The JPSG will be set up by the national Parliaments together with the Civil Liberties, Justice and Home Affairs (LIBE) Committee of the European Parliament. A working group is to be established made up of the conference of speakers of the future council presidencies (Luxembourg, Slovakia and the UK). The group is to formulate a proposal which will be deliberated on in the LIBE committee by this autumn if possible. The responsible committees from the national Parliaments (in Germany, the Committee on Internal Affairs as the lead committee, together with the Committee on Legal Affairs and Consumer Protection) will then have an opportunity to comment on the draft. A final version is planned for mid-December. This final draft is then to be deliberated on further and subsequently adopted by the Conference of Speakers.
Yet the new opportunities for parliamentary oversight and access to information provided for by the regulation are likely to remain superficial. The explicit intention is not to scrutinise Europol’s day-to-day work. The idea is merely to “politically monitor Europol’s activities”. This includes examining their impacts on “the fundamental rights and freedoms of natural persons”. If the members of parliament do indeed identify problems, they may draw up “summary conclusions” and submit them to the Parliaments.
Europol will also not be faced with any significant interference in the administration and organisation of its work. The JPSG will be able to participate in meetings of the Management Board, but only at the invitation of the latter. The Members of Parliament from the EU Member States and the European Parliament then have to take a back seat as non-voting observers. The degree of influence in selecting the Executive Director is equally insignificant. Before appointment, the candidate selected by the Council may be invited to appear before the LIBE committee. Yet the decision on this invitation lies with the Council and the Members of Parliament are also only entitled to give a non-binding opinion.
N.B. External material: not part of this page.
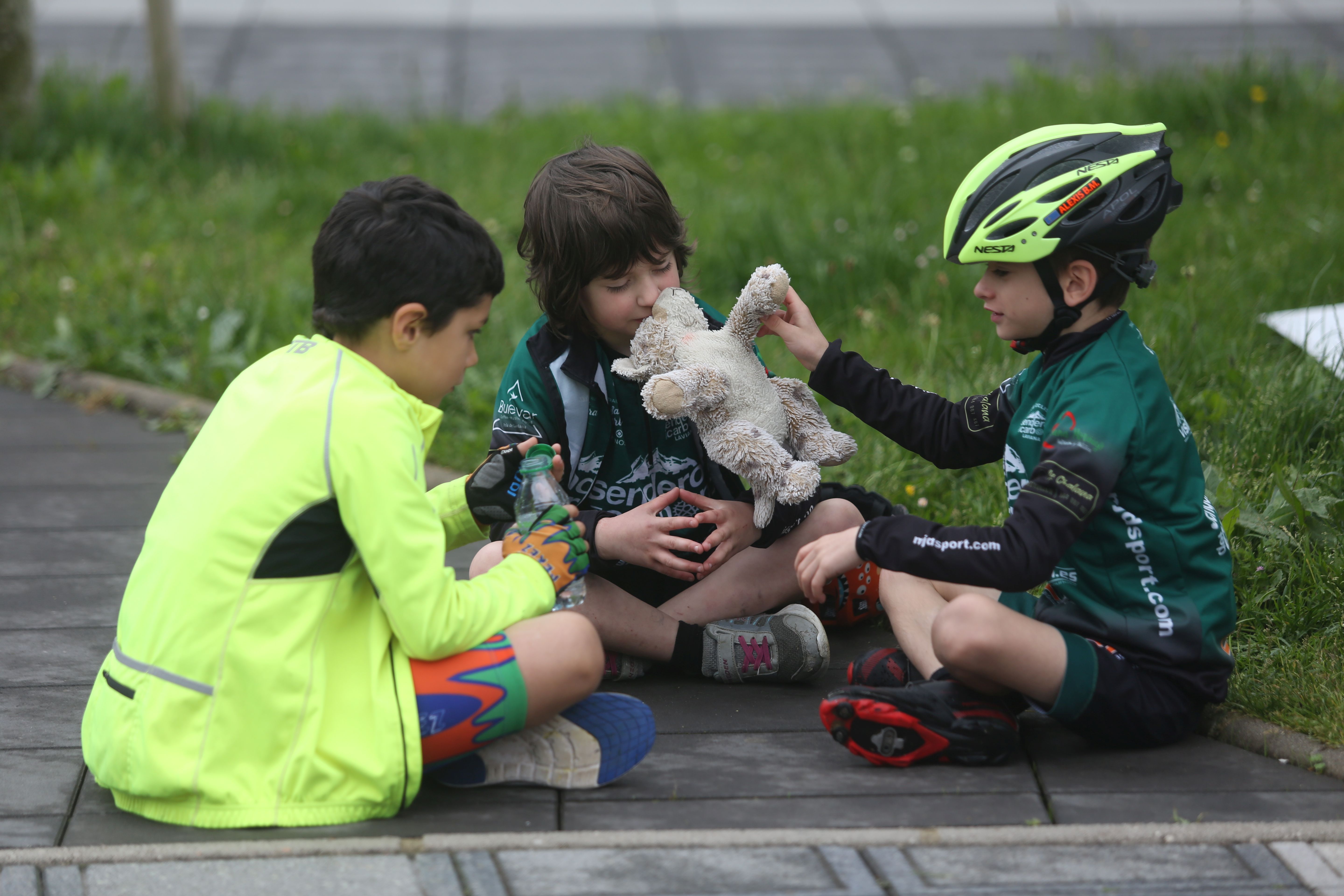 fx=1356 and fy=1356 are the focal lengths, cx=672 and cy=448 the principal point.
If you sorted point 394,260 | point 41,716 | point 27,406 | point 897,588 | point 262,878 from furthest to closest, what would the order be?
point 27,406, point 897,588, point 41,716, point 394,260, point 262,878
In practice, these new opportunities to exercise scrutiny are thus a blunt sword. Neither does the JPSG have any wider rights to gain information. Europol is supposed to transmit “relevant documents” including “threat assessments, strategic analyses and general situation reports”, as well as the results of studies and evaluations commissioned by Europol. However, this only applies to non-classified documents and thus continues a previous practice denying MEPs access to important information. The European Parliament does not have access to Council documents classified as LIMITE or RESTREINT, which contain important information on Europol’s activities. The parliamentarians in Brussels are thus reduced to downloading these papers from the website of the civil rights organisation Statewatch.
It would have been much more important to ensure more intense scrutiny of Europol’s operative work (which is increasingly becoming a law unto itself). This would apply, for example, to computer-assisted investigative techniques, which cannot be monitored by the national Parliaments. One example of this the fact that, although the German Federal Criminal Police Office helps Europol in procuring software for big data analysis, the Federal Ministry of the Interior refuses to provide any information on the functions of this software, since the national governments have no obligation to scrutinise the work of Europol. When MEPs ask the European Commission – which is responsible in this context – for details, these enquiries are often answered after expiry of the three-month deadline and even then they are answered extremely succinctly. The right of MEPs to information has now been reduced to three questions per topic (and four questions per month).
It was thus not possible, for instance, to oversee the work of the new Internet Referral Unit at Europol, which was decided on in April 2015 and set up last July. By the time the Commission finally reacted to an enquiry about the Internet Referral Unit, it had already turned to other tasks, meaning that the answer was out of date.